### RECORDS SUPPLIED
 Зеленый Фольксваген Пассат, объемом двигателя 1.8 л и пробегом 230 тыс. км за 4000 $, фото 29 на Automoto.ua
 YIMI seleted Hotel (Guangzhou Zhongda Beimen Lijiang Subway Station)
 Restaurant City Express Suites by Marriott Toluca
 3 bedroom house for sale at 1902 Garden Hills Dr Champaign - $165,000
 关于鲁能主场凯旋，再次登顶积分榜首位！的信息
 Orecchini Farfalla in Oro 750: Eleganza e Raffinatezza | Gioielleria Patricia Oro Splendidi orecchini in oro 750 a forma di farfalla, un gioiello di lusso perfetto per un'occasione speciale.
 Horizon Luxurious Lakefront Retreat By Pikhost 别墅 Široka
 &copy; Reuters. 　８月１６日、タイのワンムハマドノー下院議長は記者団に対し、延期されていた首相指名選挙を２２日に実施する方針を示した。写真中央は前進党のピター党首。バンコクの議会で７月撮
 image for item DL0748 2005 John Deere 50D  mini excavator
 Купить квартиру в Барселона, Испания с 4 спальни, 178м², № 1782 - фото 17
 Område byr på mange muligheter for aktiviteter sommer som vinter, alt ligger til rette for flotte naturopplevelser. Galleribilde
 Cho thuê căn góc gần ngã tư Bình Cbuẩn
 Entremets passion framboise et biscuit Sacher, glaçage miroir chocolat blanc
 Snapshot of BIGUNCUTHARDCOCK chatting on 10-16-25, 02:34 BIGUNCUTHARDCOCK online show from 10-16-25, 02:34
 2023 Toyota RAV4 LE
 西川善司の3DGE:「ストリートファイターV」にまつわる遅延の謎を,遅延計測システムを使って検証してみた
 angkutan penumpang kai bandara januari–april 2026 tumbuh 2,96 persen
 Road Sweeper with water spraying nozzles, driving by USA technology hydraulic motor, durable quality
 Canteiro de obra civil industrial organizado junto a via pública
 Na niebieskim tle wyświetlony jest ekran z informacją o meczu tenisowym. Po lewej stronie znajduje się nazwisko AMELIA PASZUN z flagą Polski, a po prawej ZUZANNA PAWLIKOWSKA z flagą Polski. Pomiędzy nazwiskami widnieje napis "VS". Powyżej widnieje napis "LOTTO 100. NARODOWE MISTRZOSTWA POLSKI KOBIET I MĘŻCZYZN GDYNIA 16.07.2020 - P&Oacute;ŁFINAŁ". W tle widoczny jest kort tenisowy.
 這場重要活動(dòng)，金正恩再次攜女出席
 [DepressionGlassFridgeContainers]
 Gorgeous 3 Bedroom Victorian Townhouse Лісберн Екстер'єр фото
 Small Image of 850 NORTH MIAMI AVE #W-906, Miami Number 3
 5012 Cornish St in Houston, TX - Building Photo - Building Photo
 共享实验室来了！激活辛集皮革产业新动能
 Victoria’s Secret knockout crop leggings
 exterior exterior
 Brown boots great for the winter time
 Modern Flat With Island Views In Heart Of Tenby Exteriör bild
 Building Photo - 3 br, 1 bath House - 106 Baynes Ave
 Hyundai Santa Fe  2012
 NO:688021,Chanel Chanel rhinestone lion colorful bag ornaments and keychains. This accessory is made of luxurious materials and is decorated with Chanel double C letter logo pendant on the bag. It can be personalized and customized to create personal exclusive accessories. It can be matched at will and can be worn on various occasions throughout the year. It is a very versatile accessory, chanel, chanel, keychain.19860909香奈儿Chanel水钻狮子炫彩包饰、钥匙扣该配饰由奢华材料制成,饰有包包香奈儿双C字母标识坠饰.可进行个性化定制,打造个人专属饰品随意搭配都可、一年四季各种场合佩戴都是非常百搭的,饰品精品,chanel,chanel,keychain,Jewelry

### TRY IT
Given the data above, which lines hold the string "фото"? Return them.

### SOLVED PROBLEM
 Зеленый Фольксваген Пассат, объемом двигателя 1.8 л и пробегом 230 тыс. км за 4000 $, фото 29 на Automoto.ua
 Купить квартиру в Барселона, Испания с 4 спальни, 178м², № 1782 - фото 17
 Gorgeous 3 Bedroom Victorian Townhouse Лісберн Екстер'єр фото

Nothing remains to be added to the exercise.